Ensuite, en se faisant accompagner par des candidats « motards » dans une volonté manifeste de donner à cette élection sans véritable enjeu, le visage d'un simulacre de pluralisme démocratique. C'est dire si avant même le début de la compétition électorale, les dés sont déjà pipés. Et le vainqueur est connu d'avance. Dans ces conditions, avait-on encore besoin, dans le fond, d'organiser un vote ?

Autrement dit, pourquoi encore un scrutin et pour quoi ? La question a d'autant plus tout son sens que tout, dans le comportement du Maréchal-président qui se particularise par un autoritarisme à la limite de la dictature, indique sa volonté irrépressible de se maintenir au pouvoir par tous les moyens. C'est pourquoi il est permis de penser qu'il n'organise pas ces élections pour les perdre et que sa réélection ne fait pas l'ombre d'un doute.

Comment peut-il en être autrement quand on sait que l'homme fort d'Egypte n'est pas loin de se comporter en véritable Néron des temps modernes, qui mène son pays de main de maître, et qui a travaillé à tailler à sa mesure, la Constitution de son pays en vue de s'assurer la plus grande longévité au pouvoir en Egypte ? On en veut pour preuve, la modification de la Constitution à laquelle il a procédé au lendemain de sa réélection contestée en 2018.

Une révision constitutionnelle augmentant non seulement significativement les pouvoirs déjà importants du président, mais aussi allongeant le mandat présidentiel de quatre à six ans, malgré une clause interdisant toute modification de la durée et du nombre de mandats. Et ce n'est pas tout. Puisque non seulement son mandat en cours s'en est trouvé prolongé de deux ans, mais aussi et surtout, cette révision de la loi fondamentale permet exceptionnellement au président Al-Sissi d'effectuer un troisième mandat malgré la clause limitative à deux.

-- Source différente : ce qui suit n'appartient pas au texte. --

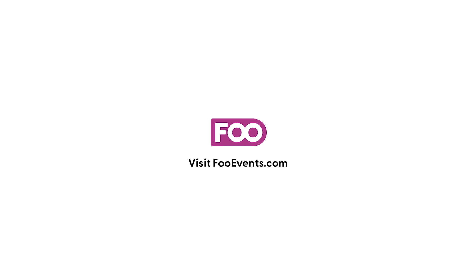And that concludes how to create an event using Foo Events. If you require further information, please visit our website and go to help.fooevents.com for more detailed instructions. Thanks for watching.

Autant dire que le scrutin à venir n'a d'autre but que de remplir les formalités pour le Maréchal Al-Sissi qui, aux termes de la nouvelle loi, s'est ouvert une brèche d'éligibilité jusqu'en 2030. C'est pourquoi, avec un président qui montre un tel attachement au pouvoir et qui n'aura pas lésiné sur les moyens pour écarter ses adversaires les plus farouches, on est fondé à croire que le scrutin est plié d'avance.

Enlevant toute saveur au vote qui ne mobilisera les électeurs que pour la forme. Dans ces conditions, ne valait-il pas mieux faire l'économie de cette élection pour consacrer les fonds à d'autres priorités ? La question est d'autant moins saugrenue que le pays est aujourd'hui au bord du gouffre, avec une grave crise économique sur fond d'inflation galopante, qui se présente comme le véritable défi pour le Maréchal Al-Sissi.

La question économique apparaît de loin comme le principal enjeu de cette élection

Une détérioration accélérée d'une économie sous perfusion, qui ne met pas le pays à l'abri d'une explosion sociale. C'est dire si avec un pouvoir d'achat des populations continuellement en baisse, la question économique apparaît de loin comme le principal enjeu de cette élection dans un pays où les 2/3 de la population vivent sous, ou juste au-dessus du seuil de pauvreté.

En tout état de cause, autant la victoire paraît assurée pour le Maréchal Al-Sissi, autant on peut se demander quel sera le taux de participation et surtout, ce qu'il fera de son prochain mandat qui ne s'annonce déjà pas comme une sinécure. En rappel, le mode de scrutin est le scrutin uninominal majoritaire à deux tours, avec le second tour qui se joue entre les deux candidats arrivés en tête au premier tour, au cas où aucun des candidats ne recueille la majorité absolue des suffrages exprimés.